No entanto, nem tudo o que ameaça a ordem democrática significa autoritarismo ou populismo — as duas palavras que atualmente flertam com os analistas da moda. Uma leitura mais adequada dos tipos de visões políticas não permite inferir que autoritarismo ou populismo sejam as únicas ameaças à ordem democrática. Defendo que a concepção totalitária de mundo se impõe como um problema muito mais sutil e perigoso.
Se a política se desenrola em um mundo dominado pelo caos e incertezas, e devido aos limites da natureza humana não conseguimos compreender com precisão geométrica esse desenrolar da política, uma coisa precisa ser considerada a respeito de quem está seduzido pela disposição totalitária: a crença na capacidade e o ardente desejo de transformar a estrutura desse mundo caótico e incerto. A mente totalitária tem horror à desordem e não aceita a condição precária em que se encontra a natureza humana.
Por serem meras categorias descritivas do fenômeno político, “autoritarismo” e “populismo” não dão conta de explicar esse horror ao caos e essa negação da natureza humana. Por isso, seria mais adequado entender que a mentalidade totalitária tem a ver com uma forma perversa de teologia política. Isso significa que não se limita a um fenômeno político, mas que traz em si todos os dramas e tensões de uma consciência religiosa fraturada pelo desespero de restaurar o mundo.
O que eu estou chamando aqui de “forma perversa de teologia política” se refere, em linhas gerais, ao seguinte: um conjunto com uma camada implícita e outra explícita de doutrinas que oferece respostas a todos os níveis vitais da existência humana. Sendo assim, portanto, todos os membros de uma sociedade são exortados a adotar passivamente essas doutrinas, pois a realidade foi revelada como tal para a consciência privilegiada do intelectual político que assumiu para si a missão de iluminar os rumos da história.
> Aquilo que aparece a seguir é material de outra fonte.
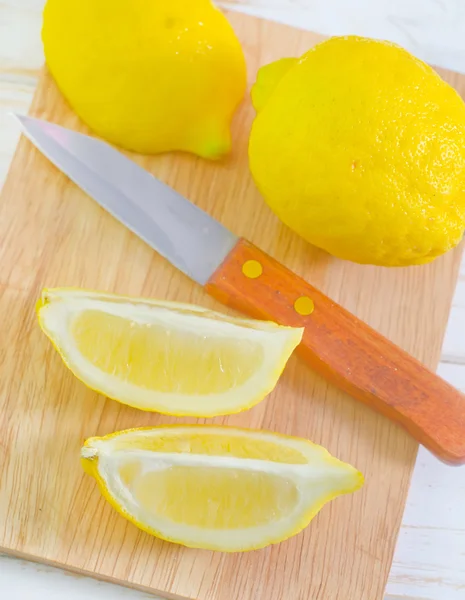 Färsk citron — Stockfoto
Para além de uma concepção do poder e do funcionamento de suas instituições, o portador desse conjunto de doutrinas acredita compreender o mundo em todos os seus níveis. O líder assume a responsabilidade toda para si, um peso monumental. A personalidade política forte capaz de agregar todas as forças necessárias para realizar a transformação mais radical da estrutura do mundo e da história.
Trata-se de uma visão holística da coisa. Como escreveram Juan J. Linz e Alfred Stepan, em A transição e a consolidação da democracia, no totalitarismo “líderes, indivíduos e grupos retiram todo o seu senso de missão, legitimidade e muitas vezes até as políticas específicas de seus compromissos com alguma concepção holística da humanidade e da sociedade”. Todo esforço do ideólogo totalitário pode ser caracterizado segundo o que que Carl J. Friedrich e Zbigniew K. Brzezinski chamaram de “ideologia caracteristicamente focalizada e projetada para um perfeito estado final da humanidade”.
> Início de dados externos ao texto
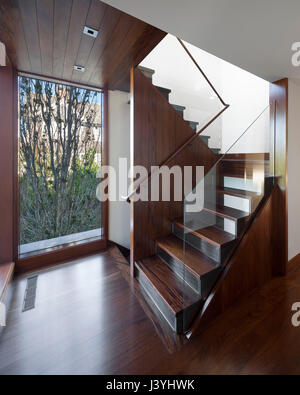 Erdgeschoss Landung der Treppe bis zum Speisesaal. Gibson Farm House, Sagaponack, United States. Architekt: James Merrell Architekten, 201 Stockfoto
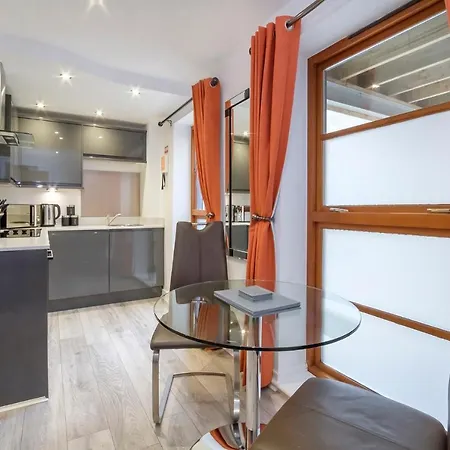 - Reubens Court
A consequência imediata dessa crença apocalíptica é a destruição de qualquer tipo de dualismo que tece nossas relações e sustentam nossas instituições sociais e políticas: indivíduo x sociedade; espaço privado x espaço público; sociedade civil x sociedade política; Igreja x Estado. Não há mais espaço para essas diferenciações, pois tudo é uma coisa só. Nesse caso, a mobilização deve ser total.
O totalitarismo não se reduz a uma teoria do poder, a uma visão de governo ou a uma teoria do Estado. Antes de ser político, o totalitarismo quer oferecer uma resposta completa aos anseios fundamentais da existência humana. Desse modo, “escatologia” é a melhor palavra para se compreender o que se passa na cabeça de um totalitário, já que é exatamente disso que se trata: dar uma resposta última à toda existência do homem no cosmos, que está “fraturado” e precisa ser “corrigido” pela ação salvífica do líder e do grupo politicamente engajados.
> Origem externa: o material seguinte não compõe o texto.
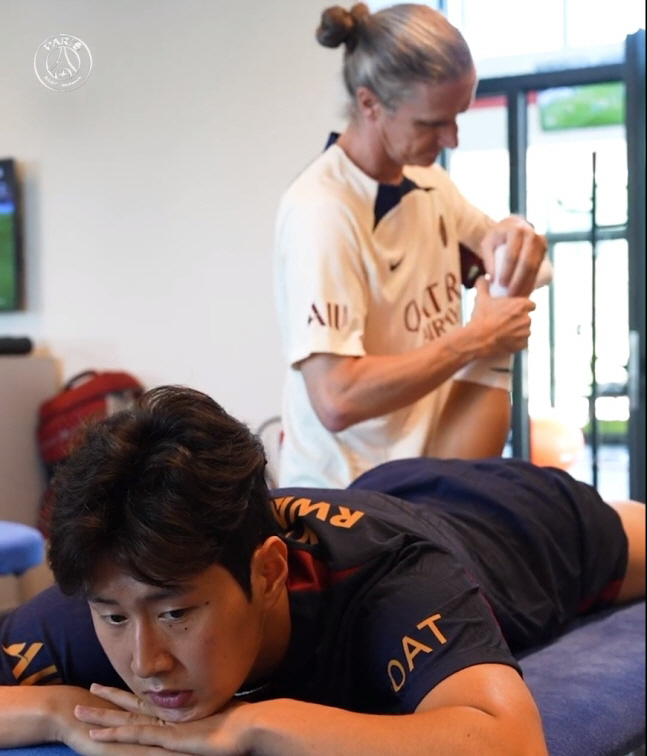 '예의 바른 한국인' KING 이강인 음주 여부까지 관심 폭발, 프랑스→…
Totalitarismo não significa uma simples narrativa ideológica a respeito de como deve funcionar o governo, a economia, a educação e a segurança em uma sociedade democrática. O totalitarismo, pelo contrário, herda do gnosticismo a concepção de que o mundo precisa ser “corrigido” e “restaurado”. Por isso a rejeição de praticamente todas instituições existentes. Afinal, elas são obras de um “demiurgo maligno”. O totalitarismo é revolucionário nesse aspecto. Na verdade, trata-se de uma revolução permanente, a mais perigosa das revoluções.